当時は自民党でも一部農水族はTPP絶対反対!という中での難しい局面で安倍総裁がなんとか導いて圧勝した衆院選。私も当初は疑問でした。
もし、あれで民主党政権が続いていたら···もう、ちょっと考えただけでゾッとします!
あとはちゃんとしたスパイ防止法と能力が必要です。

民主党候補や農協が組んで大反対していたTPP、オバマ時代に甘利さんが強面のフロマンを口説き落としてアメリカ加入させたのを政権交代でトランプがひっくり返しちゃいましたけど、とにかく成立して良かった。
そこに欧州ではブレグジットやらなんやらありつつ中国の露骨な一帯一路に戦狼外交にロシアのヨーロッパ融和離れというダイナミックな動きが重なって、状況は一変しました!!

英国にはピトケアン諸島がありますので環太平洋で。

私も最初はTPPで日本は喰われる論に注目した頃がありました。
でも民主国家の国際的枠組みですから、メリットを貰ったり譲ったりはあって当然ですね。その中身を見て不断の勉強を続けないと、ですね。
我々の側にも他人の仕事に安さと便利さ、都合良さを求め過ぎる意識を変える必要はあると思いつつ、考え得るメリットの一面にIT産業を考えてみました。
英国には、米国でいうシリコンバレーに相当する地域が幾つかあります。
スコットランドの「シリコン・グレン」はかつて電子産業一択だったせいでITバブル崩壊による大惨状を被り、そこから脱却すべく、世界のユーザーに愛されるゲームソフトをつくるRockstar Gamesを始めとする数々のソフトウェア産業と、新たなテクノロジーの開発に取り組むベンチャーの育成を柱にしながら、稼ぎの多様化に挑んでいる最中です。
また、イングランドのケンブリッジ周辺には「シリコン・フェン」があり、半導体設計と知財ライセンス提供のArm Holdings(今ソフトバンク傘下なのが玉に瑕)や、人間のプロ囲碁棋士に勝ったプログラムAlphaGoでおなじみのDeepMindなどを始めとして、有望企業が集積されています。
いずれの地域でも、知財を研究者開発者に帰属させて独立しやすい環境を整えることで投資も呼び込み、エンジェル投資家とユニコーン企業の誕生を促進する目論見と仕組みがあり、英国政府も産学連携を深化させる政策を取っています。
こうした方向性や具体策を我が国が学び取り入れ、互いに進出し合ってメリットが生まれてほしい、そして地続きに台湾のCPTPP加盟があることがどれほど重要か。
現状から描けてしまう我が国の将来像の厳しさ塩っぱさばかりを思っていても楽しくはない、裏打ちし合う経済圏と防衛力へ、考えは膨らみます。

中国と台湾の加盟申請をどうするのか。
中国を断り台湾を入れるのが良いのでしょうが、これに中国がイチャモンを付けてくるのは必須ですね。

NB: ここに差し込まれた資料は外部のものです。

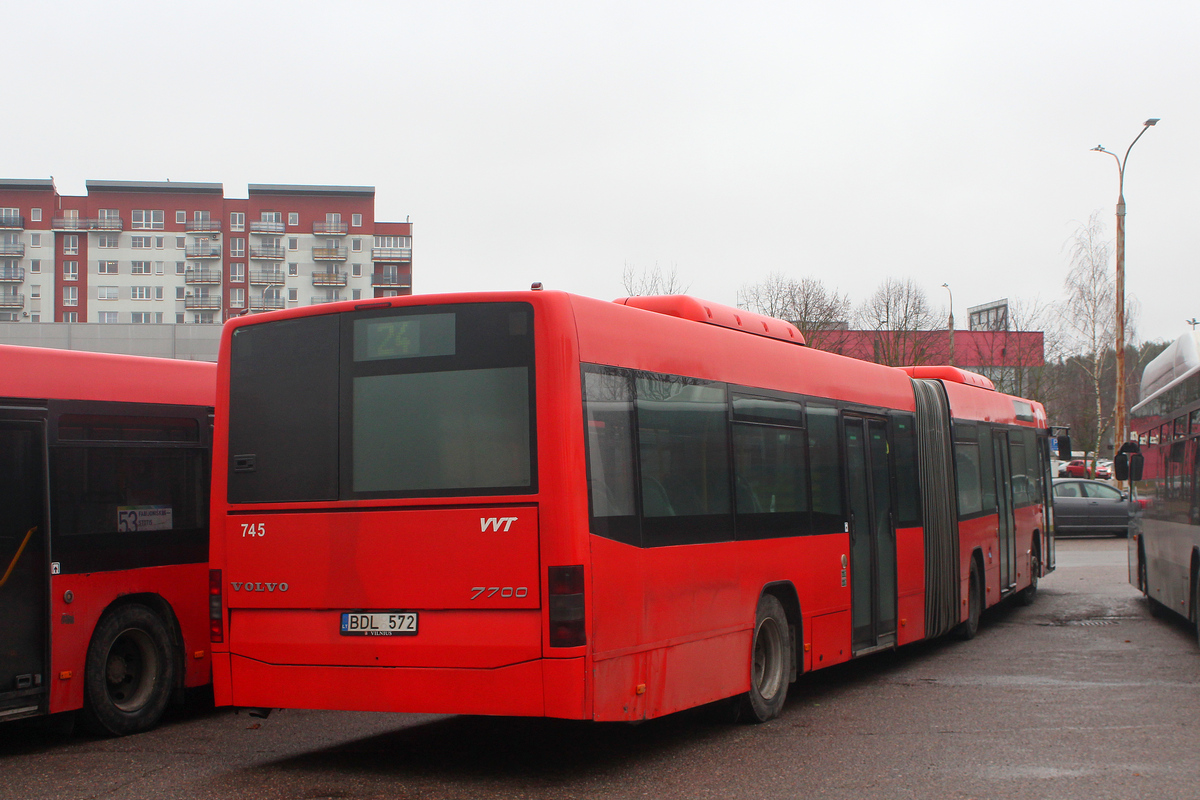 Литва, Volvo 7700A № 745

脱退したアメリカに言われ半導体製造装置の輸出規制も強化されるようですし、中国との関係は悪化し、対立はより強くなる。
今の外務大臣で大丈夫かな。

このアライアンスは、セキュリティクリアランス整備を日本が何がしか構築した後やっと本格始動することでしょう。
高市大臣の在任中にやり遂げられることを切望します。

欧ー米英ー日ー印、この中でグローバルサウスの中規模国との乖離に対してポジティブに橋渡しできる位置に日本はあります。
日の出の勢いのインドとはまた違うスタンスで欧米との溝に通路を作る。政府及び自民党チームも既にアジア歴訪して動いているようです。
同時に、ODA一本槍でない協力関係作りが急務だと細谷氏始め国際政治識者達が発信され一定の支持を得ているのを観て、やっとここまでと嬉しく思います。

TPP、クアッド他アジア太平洋には何重にも枠組みが積まれました。これ一つ一つでは絶大な効力がないけれど、大きくても何も決められない。
多様すぎるアジアを、ケースバイケースで使える渦巻きを選んで回していく為の、現実的な枠組みなのかと最近思う次第です。

> 自由主義陣営は2つのクラスターになっていくかも
こちらならではの興味深い考察ですね。
インドは単体で違う方向にいくかもしれません。独欧州グループが厳しいなあ…。